--- Working data ---

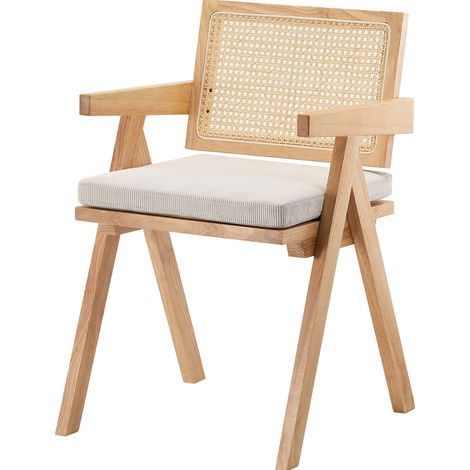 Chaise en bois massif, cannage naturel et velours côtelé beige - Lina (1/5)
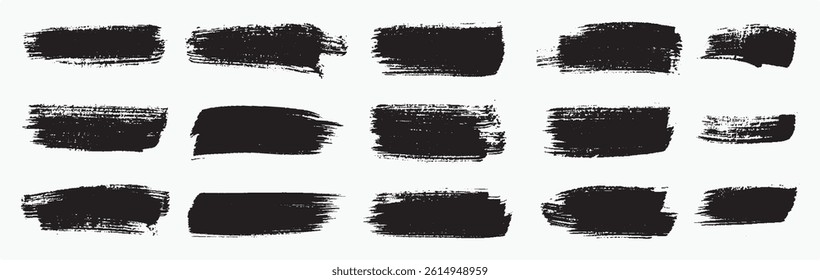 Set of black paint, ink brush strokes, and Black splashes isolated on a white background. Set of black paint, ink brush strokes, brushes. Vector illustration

--

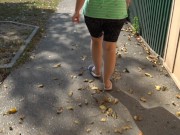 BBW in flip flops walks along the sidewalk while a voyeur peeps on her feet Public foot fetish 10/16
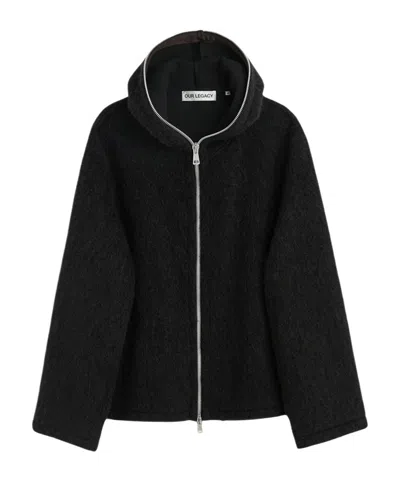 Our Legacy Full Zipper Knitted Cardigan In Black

--- Exercise description ---
In the entries above, find the line containing "BBW in flip" and the line containing "Our Legacy Full", then copy both and every line between them exactly, without any picture.

--- Result of the task ---
 BBW in flip flops walks along the sidewalk while a voyeur peeps on her feet Public foot fetish 10/16
 Our Legacy Full Zipper Knitted Cardigan In Black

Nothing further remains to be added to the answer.